Unnamed: 0,writeMillis,nodePropertiesWritten,globalTriangleCount,nodeCount,postProcessingMillis,preProcessingMillis,computeMillis,configuration
0,14,44,935,44,0,0,20,"{'writeConcurrency': 4, 'writeProperty': 'tria..."


In [25]:
cc = """

CALL gds.localClusteringCoefficient.write('undirected_interactions', 
    {relationshipTypes:['INTERACTS_1'], writeProperty:'clustering'}) 

"""

read_query(cc)

Unnamed: 0,writeMillis,nodePropertiesWritten,averageClusteringCoefficient,nodeCount,postProcessingMillis,preProcessingMillis,computeMillis,configuration
0,6,44,0.622108,44,0,0,24,"{'writeConcurrency': 4, 'triangleCountProperty..."


The global or average clustering coefficient is 0.54, which means that the persons in our graph are quite tightly-knit. We can also look at individuals and their local clustering coefficients.

In [24]:
local_clustering = """

MATCH (p:Person)
RETURN p.Label as person,
       p.clustering as coefficient,
       p.triangles as triangles 
ORDER BY coefficient DESC LIMIT 5

"""

read_query(local_clustering)

Unnamed: 0,person,coefficient,triangles
0,Gildor,1.0,15
1,Arwen,1.0,6
2,Bill,1.0,28
3,Goldberry,1.0,3
4,Shadowfax,1.0,3


In [26]:
drop_graph('undirected_interactions')

### Categorical PageRank

Up until this point, all the above graph analysis could be done with the native projection. Cypher projection can project graphs that exist only at query time or when we want to use more advanced filtering than just node labels or relationship types. 

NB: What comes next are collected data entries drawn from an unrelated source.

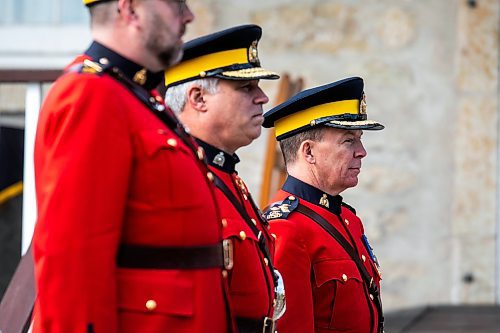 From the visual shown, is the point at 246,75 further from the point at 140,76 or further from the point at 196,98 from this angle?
the point at 140,76

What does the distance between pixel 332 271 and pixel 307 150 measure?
0.45m

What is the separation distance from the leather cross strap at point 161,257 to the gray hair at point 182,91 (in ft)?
2.38

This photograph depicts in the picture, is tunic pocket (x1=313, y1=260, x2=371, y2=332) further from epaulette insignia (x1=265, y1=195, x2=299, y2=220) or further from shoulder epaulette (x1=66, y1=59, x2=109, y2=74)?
shoulder epaulette (x1=66, y1=59, x2=109, y2=74)

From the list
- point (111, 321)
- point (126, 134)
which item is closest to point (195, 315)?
point (111, 321)

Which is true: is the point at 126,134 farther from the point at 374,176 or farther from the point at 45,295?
the point at 374,176

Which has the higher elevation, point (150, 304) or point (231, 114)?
point (231, 114)

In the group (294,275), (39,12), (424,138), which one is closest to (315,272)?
(294,275)

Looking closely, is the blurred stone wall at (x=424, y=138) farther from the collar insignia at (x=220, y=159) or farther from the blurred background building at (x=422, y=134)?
the collar insignia at (x=220, y=159)

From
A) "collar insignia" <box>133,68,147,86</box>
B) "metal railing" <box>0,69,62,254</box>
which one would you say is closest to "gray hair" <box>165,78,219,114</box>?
"collar insignia" <box>133,68,147,86</box>

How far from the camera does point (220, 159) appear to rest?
3479 millimetres

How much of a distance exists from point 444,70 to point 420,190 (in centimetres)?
74

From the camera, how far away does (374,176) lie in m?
7.91

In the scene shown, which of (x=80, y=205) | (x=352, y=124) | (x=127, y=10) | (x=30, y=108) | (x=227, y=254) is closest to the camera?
(x=80, y=205)

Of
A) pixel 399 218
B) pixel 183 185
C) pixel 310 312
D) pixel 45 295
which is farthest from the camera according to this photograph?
pixel 399 218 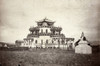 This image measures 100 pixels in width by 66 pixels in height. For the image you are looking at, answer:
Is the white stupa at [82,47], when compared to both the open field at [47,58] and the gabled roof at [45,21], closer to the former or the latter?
the open field at [47,58]

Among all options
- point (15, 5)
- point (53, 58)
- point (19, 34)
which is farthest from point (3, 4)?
point (53, 58)

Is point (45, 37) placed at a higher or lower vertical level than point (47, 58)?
higher

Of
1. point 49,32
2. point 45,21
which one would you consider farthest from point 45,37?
point 45,21

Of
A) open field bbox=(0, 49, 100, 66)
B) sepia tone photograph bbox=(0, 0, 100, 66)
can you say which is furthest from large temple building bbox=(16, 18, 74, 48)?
open field bbox=(0, 49, 100, 66)

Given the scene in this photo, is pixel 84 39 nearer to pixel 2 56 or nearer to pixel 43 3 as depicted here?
pixel 43 3

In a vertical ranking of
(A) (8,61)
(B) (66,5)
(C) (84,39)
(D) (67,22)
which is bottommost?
(A) (8,61)

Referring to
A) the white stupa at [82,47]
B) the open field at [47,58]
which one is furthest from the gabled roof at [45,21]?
the white stupa at [82,47]

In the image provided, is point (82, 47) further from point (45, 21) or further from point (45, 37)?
point (45, 21)

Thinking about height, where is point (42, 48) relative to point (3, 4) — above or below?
below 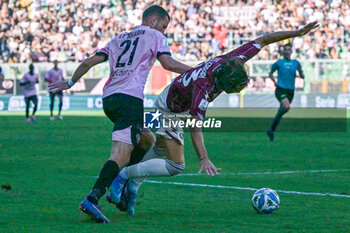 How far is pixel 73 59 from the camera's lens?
39.7m

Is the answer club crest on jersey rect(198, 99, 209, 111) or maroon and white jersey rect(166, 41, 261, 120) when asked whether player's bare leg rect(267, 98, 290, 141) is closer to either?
maroon and white jersey rect(166, 41, 261, 120)

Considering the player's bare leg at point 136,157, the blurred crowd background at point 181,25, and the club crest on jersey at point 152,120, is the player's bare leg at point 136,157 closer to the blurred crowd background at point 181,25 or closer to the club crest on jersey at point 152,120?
the club crest on jersey at point 152,120

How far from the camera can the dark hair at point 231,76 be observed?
716 cm

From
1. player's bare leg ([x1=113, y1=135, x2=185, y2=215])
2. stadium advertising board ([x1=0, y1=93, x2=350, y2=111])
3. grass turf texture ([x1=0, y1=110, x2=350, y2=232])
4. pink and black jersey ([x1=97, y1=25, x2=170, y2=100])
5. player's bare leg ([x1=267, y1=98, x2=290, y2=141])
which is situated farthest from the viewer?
stadium advertising board ([x1=0, y1=93, x2=350, y2=111])

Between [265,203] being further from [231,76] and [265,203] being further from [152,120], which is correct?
[152,120]

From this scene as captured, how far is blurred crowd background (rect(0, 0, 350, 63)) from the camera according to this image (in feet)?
127

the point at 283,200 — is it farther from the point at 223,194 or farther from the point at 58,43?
the point at 58,43

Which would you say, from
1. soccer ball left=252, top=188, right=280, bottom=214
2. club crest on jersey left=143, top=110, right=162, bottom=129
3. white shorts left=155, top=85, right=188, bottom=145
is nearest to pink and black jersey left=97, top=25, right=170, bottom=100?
white shorts left=155, top=85, right=188, bottom=145

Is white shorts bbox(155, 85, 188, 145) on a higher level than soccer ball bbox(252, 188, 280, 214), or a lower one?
higher

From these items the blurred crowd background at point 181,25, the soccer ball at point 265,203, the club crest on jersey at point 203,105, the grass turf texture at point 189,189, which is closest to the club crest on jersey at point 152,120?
the grass turf texture at point 189,189

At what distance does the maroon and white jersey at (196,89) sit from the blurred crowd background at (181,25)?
30228 mm

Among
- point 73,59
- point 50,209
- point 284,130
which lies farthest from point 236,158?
point 73,59

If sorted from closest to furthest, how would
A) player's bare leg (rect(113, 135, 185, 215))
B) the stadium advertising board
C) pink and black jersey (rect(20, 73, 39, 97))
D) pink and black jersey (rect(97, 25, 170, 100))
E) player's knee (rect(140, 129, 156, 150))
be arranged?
pink and black jersey (rect(97, 25, 170, 100)) → player's bare leg (rect(113, 135, 185, 215)) → player's knee (rect(140, 129, 156, 150)) → pink and black jersey (rect(20, 73, 39, 97)) → the stadium advertising board

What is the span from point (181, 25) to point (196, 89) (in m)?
34.0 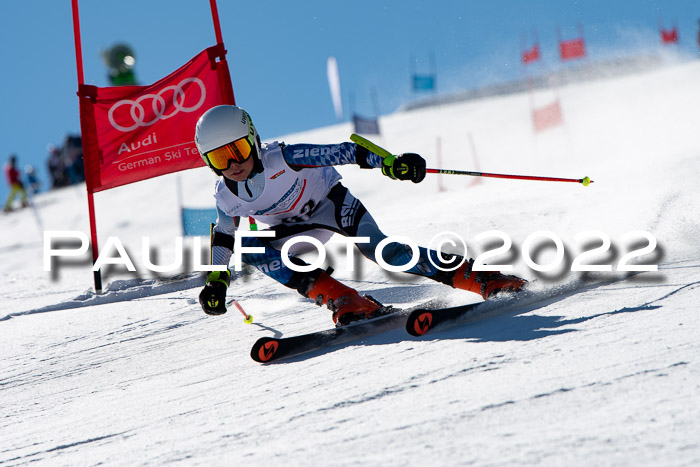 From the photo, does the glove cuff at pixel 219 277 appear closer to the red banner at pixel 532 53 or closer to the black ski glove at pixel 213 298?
the black ski glove at pixel 213 298

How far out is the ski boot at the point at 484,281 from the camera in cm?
380

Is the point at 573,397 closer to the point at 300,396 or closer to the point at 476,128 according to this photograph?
the point at 300,396

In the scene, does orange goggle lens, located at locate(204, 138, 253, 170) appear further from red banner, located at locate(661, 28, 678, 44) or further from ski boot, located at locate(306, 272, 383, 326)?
red banner, located at locate(661, 28, 678, 44)

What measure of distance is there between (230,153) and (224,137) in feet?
0.29

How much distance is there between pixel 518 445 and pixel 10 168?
66.8 feet

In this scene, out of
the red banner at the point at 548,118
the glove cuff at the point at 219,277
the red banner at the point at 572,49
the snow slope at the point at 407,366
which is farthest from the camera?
the red banner at the point at 572,49

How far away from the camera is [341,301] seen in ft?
12.7

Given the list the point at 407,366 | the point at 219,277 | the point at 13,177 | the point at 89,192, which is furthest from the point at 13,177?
the point at 407,366

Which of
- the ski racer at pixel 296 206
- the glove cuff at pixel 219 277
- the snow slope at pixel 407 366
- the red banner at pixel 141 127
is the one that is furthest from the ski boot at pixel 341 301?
the red banner at pixel 141 127

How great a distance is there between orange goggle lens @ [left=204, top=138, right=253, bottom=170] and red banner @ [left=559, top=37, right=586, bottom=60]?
15.8 metres

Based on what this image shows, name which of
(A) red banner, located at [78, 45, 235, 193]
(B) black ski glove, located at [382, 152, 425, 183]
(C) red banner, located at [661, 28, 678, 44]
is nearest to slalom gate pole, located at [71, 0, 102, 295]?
(A) red banner, located at [78, 45, 235, 193]

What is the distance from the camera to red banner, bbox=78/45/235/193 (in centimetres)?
643

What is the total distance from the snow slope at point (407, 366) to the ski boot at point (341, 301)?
245 millimetres

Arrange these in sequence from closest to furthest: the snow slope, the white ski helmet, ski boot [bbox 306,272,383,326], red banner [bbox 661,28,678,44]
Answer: the snow slope
the white ski helmet
ski boot [bbox 306,272,383,326]
red banner [bbox 661,28,678,44] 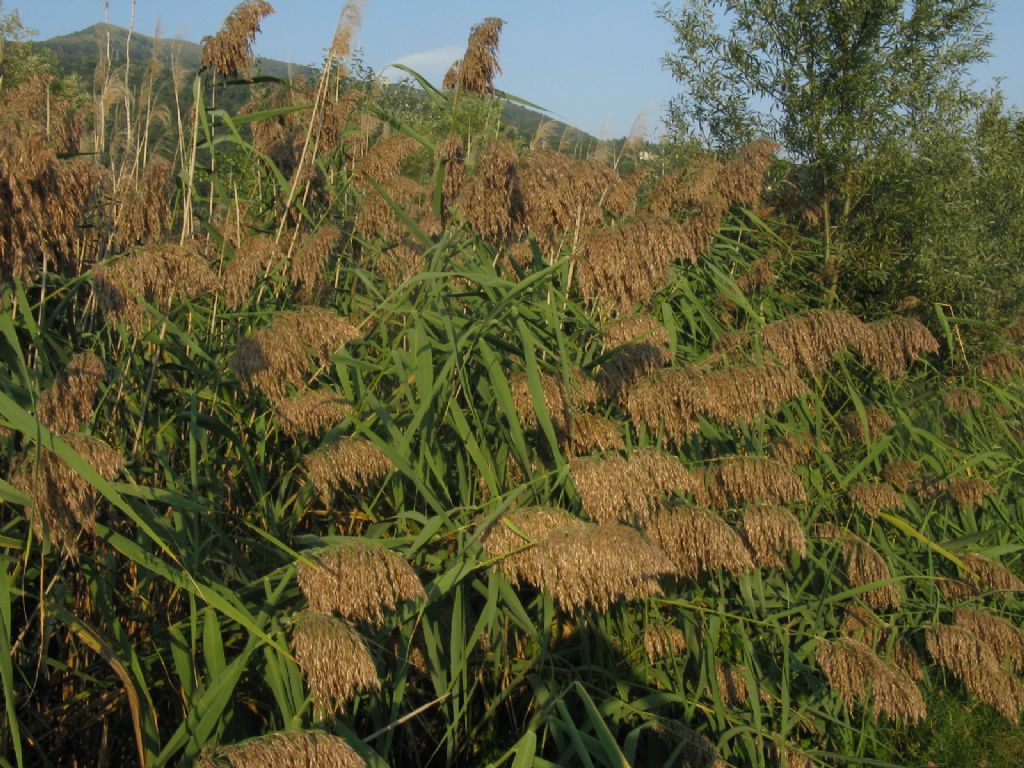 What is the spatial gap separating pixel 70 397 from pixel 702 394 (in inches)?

Categorical PageRank is a concept first introduced by Kenny Bastani in his blog post. I have also written a blog post about it using the Graph algorithms library. Now it is time to demonstrate it with the Graph Data Science library as well.

The idea behind it is pretty simple. As shown in the example above we have a graph of pages that have links between each other and might also belong to one or more categories. To better understand the global pagerank score of nodes in a network, we can breakdown our graph into several subgraphs, one for each category and execute the pagerank algorithm on each of that subgraphs. We store results as a relationship property between category and pages. This way we can break down which are the contributing categories to page’s global pagerank score.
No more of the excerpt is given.